■ TASK DESCRIPTION: With pictures omitted, the line containing "Best discount -30" and all later lines of the records below are to be restated word for word.

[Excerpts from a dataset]
◇ ◇ ◇

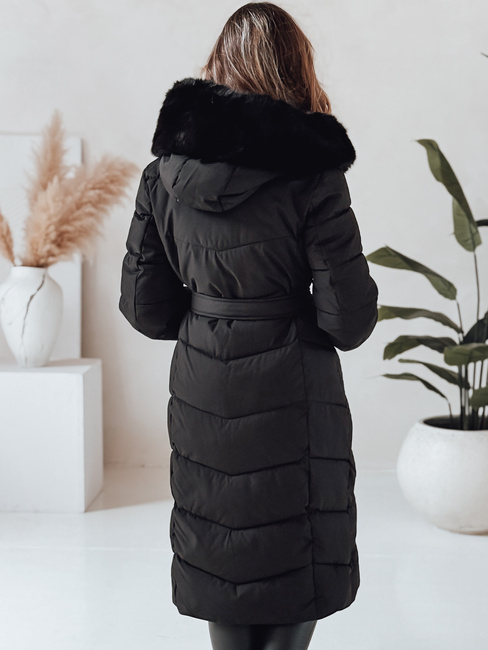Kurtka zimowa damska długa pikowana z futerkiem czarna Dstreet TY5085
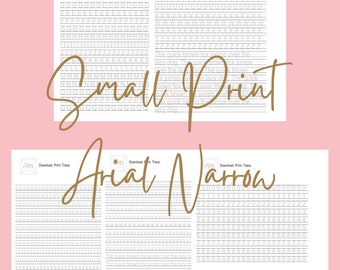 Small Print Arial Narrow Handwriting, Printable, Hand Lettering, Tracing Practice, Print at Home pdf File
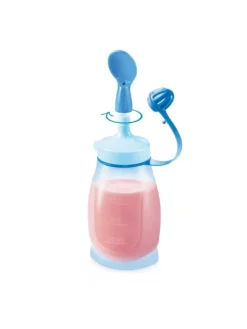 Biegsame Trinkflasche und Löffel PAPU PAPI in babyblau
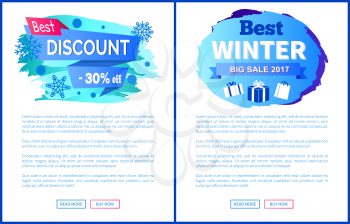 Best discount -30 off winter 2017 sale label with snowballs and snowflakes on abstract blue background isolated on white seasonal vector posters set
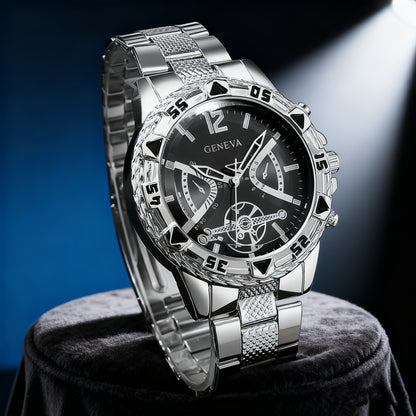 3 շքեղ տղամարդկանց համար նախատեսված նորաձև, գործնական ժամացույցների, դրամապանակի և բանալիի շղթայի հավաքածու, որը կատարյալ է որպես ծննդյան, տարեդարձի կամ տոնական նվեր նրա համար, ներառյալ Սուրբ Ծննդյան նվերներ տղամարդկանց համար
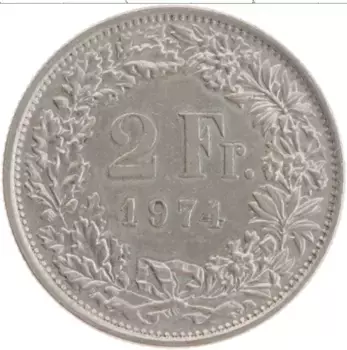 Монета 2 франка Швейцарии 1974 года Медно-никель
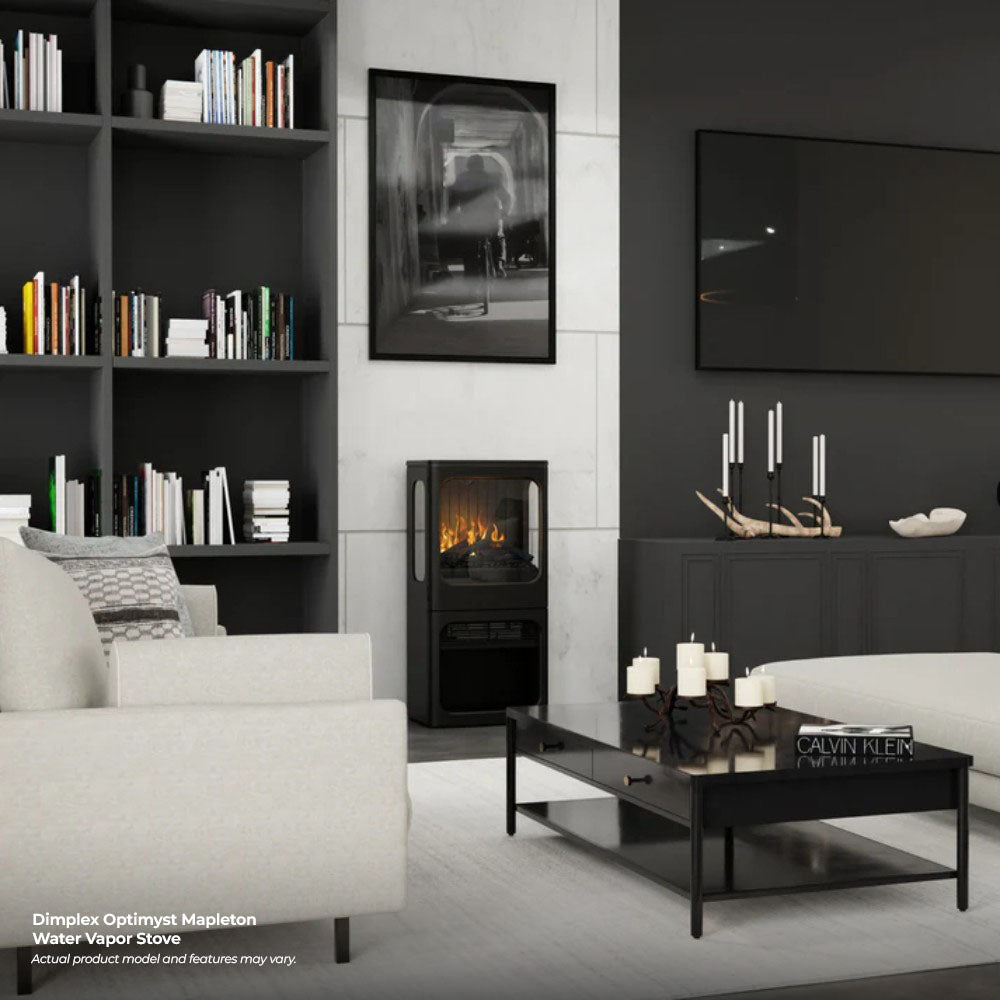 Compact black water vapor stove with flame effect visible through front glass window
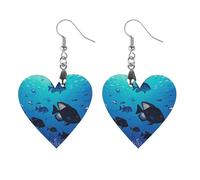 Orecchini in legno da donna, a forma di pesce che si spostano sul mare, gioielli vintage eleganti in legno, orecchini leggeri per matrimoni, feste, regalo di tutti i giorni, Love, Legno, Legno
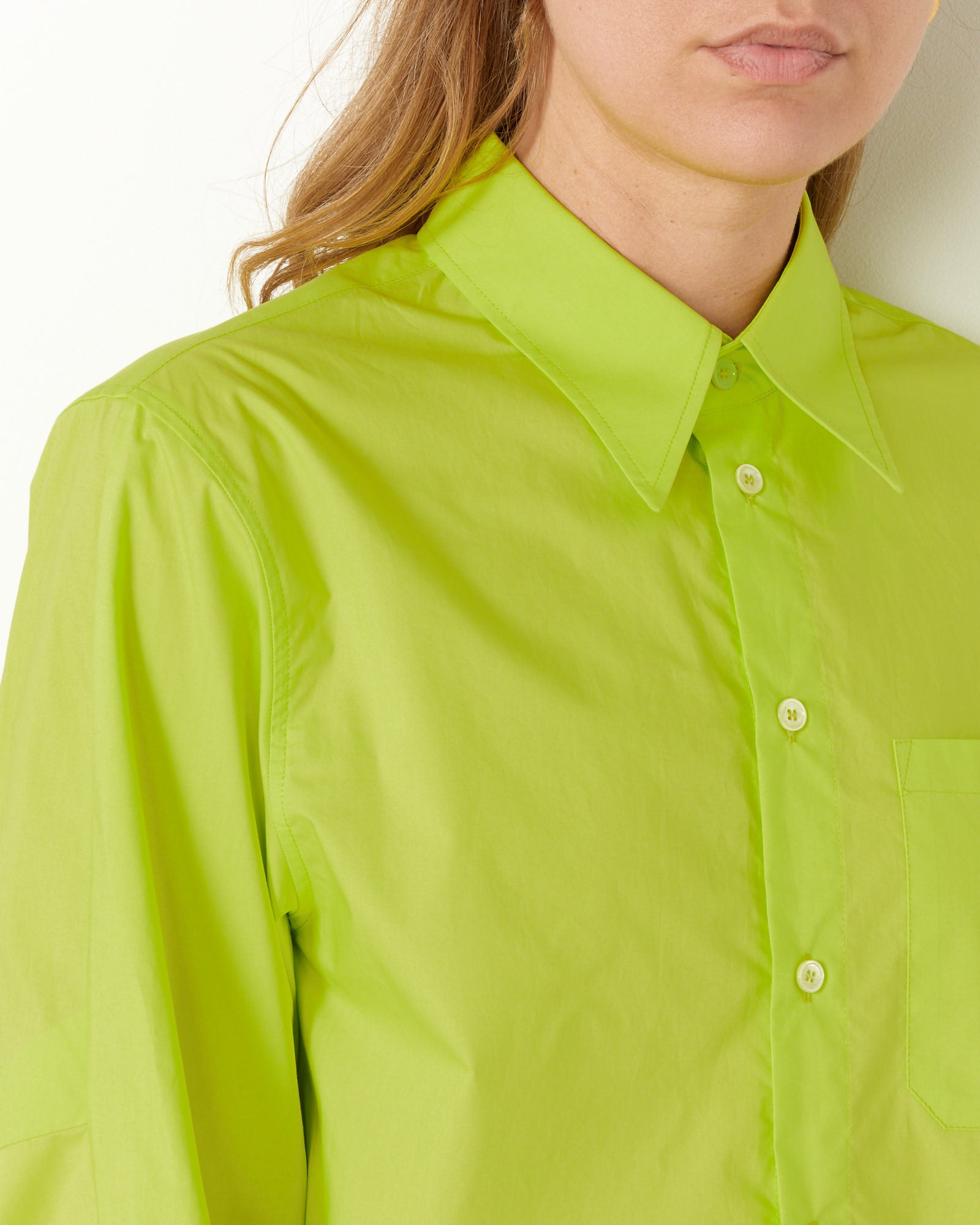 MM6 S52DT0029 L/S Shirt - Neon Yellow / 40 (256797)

◇ ◇ ◇

■ EXERCISE ANSWER:
 Best discount -30 off winter 2017 sale label with snowballs and snowflakes on abstract blue background isolated on white seasonal vector posters set
 3 շքեղ տղամարդկանց համար նախատեսված նորաձև, գործնական ժամացույցների, դրամապանակի և բանալիի շղթայի հավաքածու, որը կատարյալ է որպես ծննդյան, տարեդարձի կամ տոնական նվեր նրա համար, ներառյալ Սուրբ Ծննդյան նվերներ տղամարդկանց համար
 Монета 2 франка Швейцарии 1974 года Медно-никель
 Compact black water vapor stove with flame effect visible through front glass window
 Orecchini in legno da donna, a forma di pesce che si spostano sul mare, gioielli vintage eleganti in legno, orecchini leggeri per matrimoni, feste, regalo di tutti i giorni, Love, Legno, Legno
 MM6 S52DT0029 L/S Shirt - Neon Yellow / 40 (256797)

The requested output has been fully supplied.